Фридрих Гундольф (урожд. Гундельфингер[14]) (1980–1931) был первым из воспитанников (не только Junge, но и Zögling) Георге. К Георге его, 18-летнего, привел в 1898 году Карл Вольфскель, родители которого дружили с семьей Гундельфингеров. Георге сразу признал поэтический дар юноши, к которому обращается в письмах «мой дорогой поэт». В это время Гундольф начинает учебу в Мюнхенском университете, затем учится в Гейдельберге и Берлине. Среди его профессоров были В. Дильтей, Т. Липпс, Г. Зиммель, Г. Вёльфлин. Интенсивное общение с Георге продолжалось более 20 лет. С начала 1920-х годов происходит драматическое взаимоохлаждение: в 1920 году Гундольф против воли Мастера и к его большому неудовольствию отклоняет приглашение принять место профессора в Берлинском университете. Свою роль в охлаждении сыграла и внутрикруговая конкуренция с Вольтерсом & Со. «Отлучение» от Георге (но отнюдь не от всех членов Круга!) было вызвано и женитьбой Гундольфа в 1926 году. Во всей своей чрезвычайно плодотворной научной деятельности и до и после разрыва с Георге до самой смерти в 1931 году Гундольф воплощает георгеанскую программу (в своей трактовке, разумеется). Показательны его письма Георге в 1910 году по завершении габилитационной диссертации, которую он характеризует так:
Это живой, всеохватывающий и строго построенный компендиум Духовного движения, точно так же, как твои книги стали его Библией. (…) Я знаю, что я за два месяца [работы][15] обрел новый смысл и оказал «государству» величайшую услугу, которую ему только можно оказать. [И месяц спустя: ] Если мне суждены еще десять лет здоровья, то я стану тем человеком, который сделает твои заветнейшие мысли и переживания общим достоянием немецкого общего образования в лучшем смысле слова, т. е. немецкой молодежи[16].Причины конкурентного напряжения в отношениях с группой Вольтерса были смешанные: кроме идеологических и политических разногласий имелись и личные. И Гундольф, и Морвиц, и Роберт Бёрингер были личными друзьями Мастера (в частности, систематически обращались к нему в письмах на Ты [Du]) и сообразно с этим настаивали на ценности дружбы и эроса, тогда как Вольтере со товарищи стремились превратить Георге в предмет культа (сначала своего, затем по возможности общенационального) и подчеркивали поэтому дистанцию, без которой невозможно никакое поклонение. Морвиц одно время не мог уже слышать слово 'Круг' (что было для вольтерсианцев полным кощунством)[17]. Бёрингер чуть не дошел до рукоприкладства, протестуя против вольтерсовского «политического» поворота[18].

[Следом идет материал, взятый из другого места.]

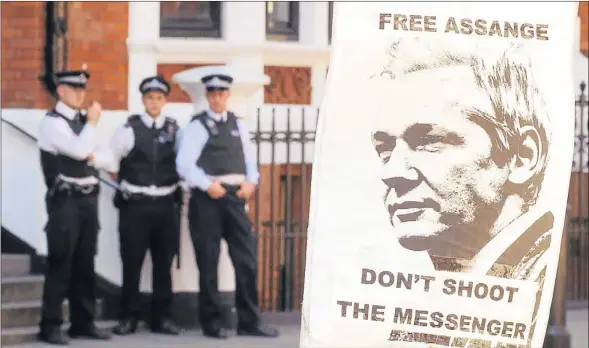  ?? DOMINIC LIPINSKI / AP ?? Icono. Un cartel a favor de Julian Assange, ayer en Londres, frente a la embajada de Ecuador en el Reino Unido, donde el fundador de Wikileaks ha buscado refugio activando una crisis diplomátic­a a varias bandas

Конкуренция с Вольтерсом стала особо очевидна, когда в одном и том же восьмом выпуске «Листков за искусство» за 1908–1909 год вышли статьи со сходными, если не сказать параллельными, названиями: «Господство и услужение» Вольтерса[19] и «Следование и послушничество» [Gefolgschaft und Jüngertum] Гундольфа. В этих статьях больше сходства, чем различий; тем важнее эти последние. Для Вольтерса главное – власть и добровольное, восторженное ей подчинение; для Гундольфа важна любовь к Мастеру – и не за его власть, а за то, что он ведет к новому познанию. Если Гундольфу Мастер предстает посредником между учеником и Идеей, то для Вольтерса Мастер воплощает Идею. Вольтере со всей риторической мощью настаивал на действии, деянии, на деятельном характере и правителя, и учеников (более чем просто единомышленников – соратников!), тогда как у Гундольфа Мастер остается хранителем ценностей и воспитателем учеников. Наконец, если воспитание увенчивается для Гундольфа расцветом личности, венцом служения у Вольтерса выступает самопожертвование [Selbsthingabe][20]. Несомненно, таким образом, что Вольтере однозначнее и определеннее вписывал образ Мастера в общий для «консервативной революции» культ вождя.